Manganese (Mn) concentrations and the probability of arsenic (As) exceeding the drinking-water standard of 10 μg/L were predicted in the Mississippi River Valley alluvial aquifer (MRVA) using boosted regression trees (BRT). BRT, a type of ensemble-tree machine-learning model, were created using predictor variables that affect Mn and As distribution in groundwater. These variables included iron (Fe) concentrations and specific conductance predicted from previously developed BRT models, groundwater flux and age estimates from MODFLOW, and hydrologic characteristics. The models also included results from the first airborne geophysical survey conducted in the United States to target an entire aquifer system. Predictions of high Mn and As occurred where Fe was high. Predicted high Mn concentrations were correlated with fraction of young groundwater (less than 65 years) computed from MODFLOW results.
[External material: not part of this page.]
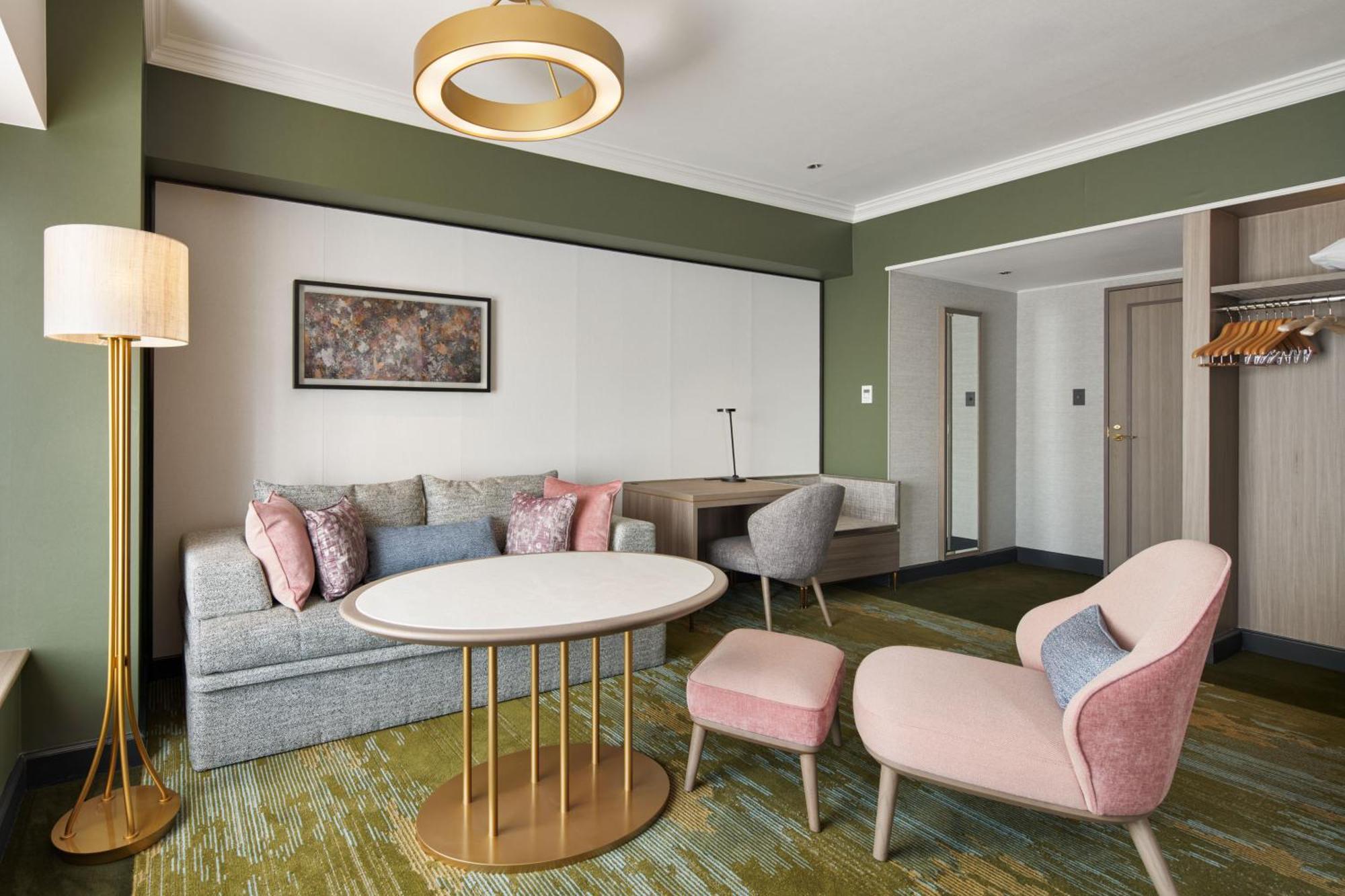 Rihga Royal Hotel Osaka, Vignette Collection By Ihg Exterior foto A suite at the hotel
High probabilities of As exceedance were predicted where groundwater was relatively old and airborne electromagnetic resistivity was high, typically proximal to streams. Two-variable partial-dependence plots and sensitivity analysis were used to provide insight into the factors controlling Mn and As distribution in groundwater. The maps of predicted Mn concentrations and As exceedance probabilities can be used to identify areas where these constituents may be high, and that could be targeted for further study. This paper shows that incorporation of a selected set of process-informed data, such as MODFLOW results and airborne geophysics, into a machine-learning model improves model interpretability. Incorporation of process-rich information into machine-learning models will likely be useful for addressing a wide range of problems of interest to groundwater hydrologists.